On the morning of May 25, 1962, at about 8:30 A. M., Edward Ernouf parked his 1958 Chevrolet in a locked garage in the city of Roanoke, Virginia, leaving the automobile ignition key and registration card in the car. At about 10:15 P. M. the same day, Ernouf returned to the garage to get his car and found it missing. This automobile was located the next morning, May 26, 1962, parked at a motel in Elk Ridge, Maryland, adjacent to a cabin. When officers knocked on the door of the cabin, three men came out: Rufus Hursey, Raymond Szczepanski and the defendant Kolakowski, who identified himself at that time as "Norman Lange" and exhibited a birth certificate indicating that name. The keys to the automobile were on a table in the cabin. The cabin contained one double bed. The motel operator, at about 5:30 A.M. the same day (May 26), had noticed an unidentified individual sleeping in the stolen automobile. The defendant made several admissions: (1) that Norman Lange was an assumed name and that his true identity was Frank Edward Kolakowski; (2) that he, Hursey and Szczepanski were asleep in a 1949 Pontiac parked on the side of the road a few miles north of Roanoke, Virginia, during the early morning hours of May 25, 1962; that he was present when this car was sold at Roanoke, Virginia; (3) that he arrived at the motel in Elk Ridge, Maryland, at the same time the others did; (4) that his arrival at the same time was a co-incidence because he did not come with the others but had taken a shortcut and had "walked over hills and through valleys"; (5) that he slept on the ground alongside the stolen automobile.

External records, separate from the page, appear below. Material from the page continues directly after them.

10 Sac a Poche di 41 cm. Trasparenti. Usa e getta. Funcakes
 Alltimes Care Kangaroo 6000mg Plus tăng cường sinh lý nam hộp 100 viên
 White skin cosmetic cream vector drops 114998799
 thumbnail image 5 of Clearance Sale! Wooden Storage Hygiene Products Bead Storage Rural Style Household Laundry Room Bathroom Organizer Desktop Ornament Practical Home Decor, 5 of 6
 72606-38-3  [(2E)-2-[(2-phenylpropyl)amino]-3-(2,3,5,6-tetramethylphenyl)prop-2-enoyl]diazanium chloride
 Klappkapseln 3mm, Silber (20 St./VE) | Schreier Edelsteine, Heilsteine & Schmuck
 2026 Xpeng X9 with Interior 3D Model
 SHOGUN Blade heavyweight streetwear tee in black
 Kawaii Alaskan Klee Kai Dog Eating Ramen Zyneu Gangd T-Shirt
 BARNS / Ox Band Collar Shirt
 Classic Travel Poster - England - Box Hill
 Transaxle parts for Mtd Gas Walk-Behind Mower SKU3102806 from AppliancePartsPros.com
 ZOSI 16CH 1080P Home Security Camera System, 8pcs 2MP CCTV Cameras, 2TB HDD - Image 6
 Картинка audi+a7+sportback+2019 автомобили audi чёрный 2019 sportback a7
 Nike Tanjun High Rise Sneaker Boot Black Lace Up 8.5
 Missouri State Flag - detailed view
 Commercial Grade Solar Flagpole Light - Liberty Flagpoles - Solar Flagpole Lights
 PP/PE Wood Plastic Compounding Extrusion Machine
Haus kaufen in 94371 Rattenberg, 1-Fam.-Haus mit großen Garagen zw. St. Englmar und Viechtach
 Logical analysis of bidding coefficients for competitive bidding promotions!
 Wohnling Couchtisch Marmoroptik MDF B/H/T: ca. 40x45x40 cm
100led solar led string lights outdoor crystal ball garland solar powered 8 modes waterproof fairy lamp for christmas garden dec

Other witnesses testified tending to show positive identification of the defendant Kolakowski as one of the three occupants of a 1949 Pontiac parked on the side of the road north of Roanoke during the early morning hours of May 25, 1962; that this same Pontiac was bought at approximately 10:00 A.M. in Roanoke, Virginia, by a Mr. Thomas, who, after the purchase, afforded the three persons a ride in his car to a point in the city of Roanoke one-half block from the Carlton Terrace Apartment Building in which the garage is located from which Ernouf's car was stolen.


By way of summary, we think this evidence is sufficient to justify the jury's finding: (1) that Ernouf's automobile was stolen from his locked garage some time after 8:30 A.M. on May 25, 1962, in Roanoke, Virginia; (2) that it was transported in interstate commerce from the State of Virginia into the State of Maryland; (3) that it was found in the joint possession of the defendant Kolakowski and the two accomplices within approximately twenty-four hours maximum time after it had been stolen.


The fact of possession in Maryland of a vehicle so recently stolen in Virginia would support an inference that the possessor or possessors was guilty of the theft and participated in the removal of the stolen goods. United States v. Borda, supra; Battaglia v. United States, 205 F.2d 824 (4th Cir., 1953). Such an inference is further supported by testimony which places Kolakowski in the Roanoke, Virginia, area where the theft occurred. The defendant's admission that he was a member of the group when the other car was sold in Roanoke, plus the testimony that the three men were taken to a point within a block of the place of theft, establishes beyond question that the defendant had the opportunity to commit the crime and was near the place where it was committed at 10:15 A.M. on the day of the theft. The jury was fully justified in putting together the elements of opportunity and recent possession and coming to the conclusion that Kolakowski was one of those who stole the vehicle and participated in its removal in interstate commerce.


We conclude the verdict is amply supported by the evidence and that the motion for judgment of acquittal was properly denied, and that the motion for a new trial was properly overruled.